Description of the task: In this exercise, return only the lines that run from the line with "Date added=Jan 10, 2018 009.jpg" to the end of the entries below, both included. Pictures are not copied.

Extracted records:

• • • • • • •

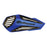 Polisport MX Air Handguards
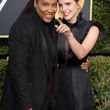 Filename=009.jpg
Filesize=34KiB
Dimensions=408x612
Date added=Jan 10, 2018 009.jpg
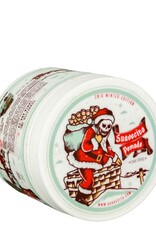 Suavecito Pomade Original - Winter Edition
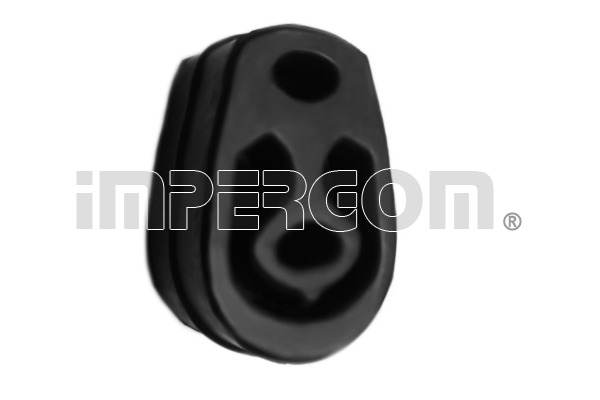 Original Imperium Ophangrubber 35594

• • • • • • •

Problem solution:
Date added=Jan 10, 2018 009.jpg
 Suavecito Pomade Original - Winter Edition
 Original Imperium Ophangrubber 35594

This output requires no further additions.